I survived Snowmageddon and Snowmageddon 2.0

Because clearly one blizzard wasn’t enough….

My roommate's cat contemplates the extreme amount of snow piled up outside our door.

Final Snowpocalypse stats:

Inches of snow: 34.5
Total hours without power: 15.5
Total number of shoveling expeditions: 8
Number of cars pushed out of snow drifts: 3
Snow days: 4.5
Number of power outages: 3
Canceled Flights to Warmer Locales: 1

Big sigh on that last Snowmageddon stat. My flight to Guatemala for tomorrow morning was canceled not because of the snow in DC, but because of snow in Atlanta. I was highly amused when a newspaper article¬† describing the situation in Atlanta said that their total snow fall “is not big by Mid-Atlantic standards.” Apparently we now have street cred in the snow world after years of being mocked by the Minnesotas and Michigans of the world. Right now I’m re-booked on a Sunday flight so hopefully this one won’t fall victim to the snow gods who are clearly unhappy with us as of late.

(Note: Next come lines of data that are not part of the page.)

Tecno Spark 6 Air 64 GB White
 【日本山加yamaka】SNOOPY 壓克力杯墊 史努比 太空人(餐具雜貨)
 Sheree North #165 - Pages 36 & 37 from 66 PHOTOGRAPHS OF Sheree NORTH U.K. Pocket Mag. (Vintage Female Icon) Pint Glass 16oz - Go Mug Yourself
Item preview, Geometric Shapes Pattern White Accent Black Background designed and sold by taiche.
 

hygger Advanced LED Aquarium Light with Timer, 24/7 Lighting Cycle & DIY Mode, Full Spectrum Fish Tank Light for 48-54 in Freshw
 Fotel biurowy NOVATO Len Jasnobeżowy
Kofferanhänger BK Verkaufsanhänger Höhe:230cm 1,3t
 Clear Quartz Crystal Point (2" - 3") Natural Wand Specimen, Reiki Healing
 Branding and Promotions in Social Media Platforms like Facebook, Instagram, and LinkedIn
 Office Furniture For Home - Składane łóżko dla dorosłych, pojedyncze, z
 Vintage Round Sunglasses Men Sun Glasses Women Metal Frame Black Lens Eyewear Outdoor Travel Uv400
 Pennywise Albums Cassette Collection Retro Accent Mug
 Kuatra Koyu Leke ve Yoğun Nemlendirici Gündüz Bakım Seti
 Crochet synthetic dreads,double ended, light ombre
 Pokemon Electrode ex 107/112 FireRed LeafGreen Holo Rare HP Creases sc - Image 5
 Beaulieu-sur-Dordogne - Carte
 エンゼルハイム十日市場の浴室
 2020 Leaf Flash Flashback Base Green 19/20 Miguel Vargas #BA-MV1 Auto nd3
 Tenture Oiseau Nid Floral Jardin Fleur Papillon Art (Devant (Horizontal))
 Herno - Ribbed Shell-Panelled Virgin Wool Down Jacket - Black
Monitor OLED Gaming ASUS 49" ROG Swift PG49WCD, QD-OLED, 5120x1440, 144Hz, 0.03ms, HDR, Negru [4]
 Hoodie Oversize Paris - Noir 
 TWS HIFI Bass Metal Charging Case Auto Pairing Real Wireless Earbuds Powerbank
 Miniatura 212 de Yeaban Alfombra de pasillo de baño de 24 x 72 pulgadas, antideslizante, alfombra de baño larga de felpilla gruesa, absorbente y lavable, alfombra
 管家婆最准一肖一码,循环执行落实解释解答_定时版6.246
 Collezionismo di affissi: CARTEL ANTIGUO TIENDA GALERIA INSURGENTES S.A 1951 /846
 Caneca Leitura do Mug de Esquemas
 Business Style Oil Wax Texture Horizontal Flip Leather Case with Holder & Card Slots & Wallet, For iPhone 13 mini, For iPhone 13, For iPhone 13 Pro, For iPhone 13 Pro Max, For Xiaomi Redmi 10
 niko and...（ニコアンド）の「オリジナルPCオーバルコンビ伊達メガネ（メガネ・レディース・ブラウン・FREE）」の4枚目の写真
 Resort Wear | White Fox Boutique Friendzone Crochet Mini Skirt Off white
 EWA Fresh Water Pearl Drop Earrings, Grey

Out of sheer boredom on Wednesday in the height of Snowmageddon 2.0, my roomate and I took a snowy walk. Our moral fibre was seriously tested when we

Poor Roscoe tries to keep warm!

found half empty bags of salt littering the street leading up to the hospital. Somehow we didn’t think we’d ever be able to work off the negative karma from nicking bags of salt… but there were a couple of seconds there where the idea was seriously tempting.

Today was back to work and trying to put together all those loose ends before the trip. I spent most of the day rushing around checking to make sure our flight wasn’t canceled (yeah, that went well), getting travel orders, filling out time cards, and going to the med unit. Apparently everyone else planned ahead and went to get vaccinations before all the snow hit. I’m not that organized. I told the nurse about my needle issue and was highly entertained when she wrote down on my WHO immunization record “vasovagal,” to serve as a warning to future immunizers “this one’s gonna keel over on ya.” Somehow I feel better knowing there is a medical sounding term for what basically equates to “big wimp.” She may have found a solution for me, she had me lay down and put me on oxygen. I’m sure I looked silly, but it staved off one of my “big wimp” attacks, so I declare win! Now if I can just get on this Sunday flight before it snows again on Monday, things will be good…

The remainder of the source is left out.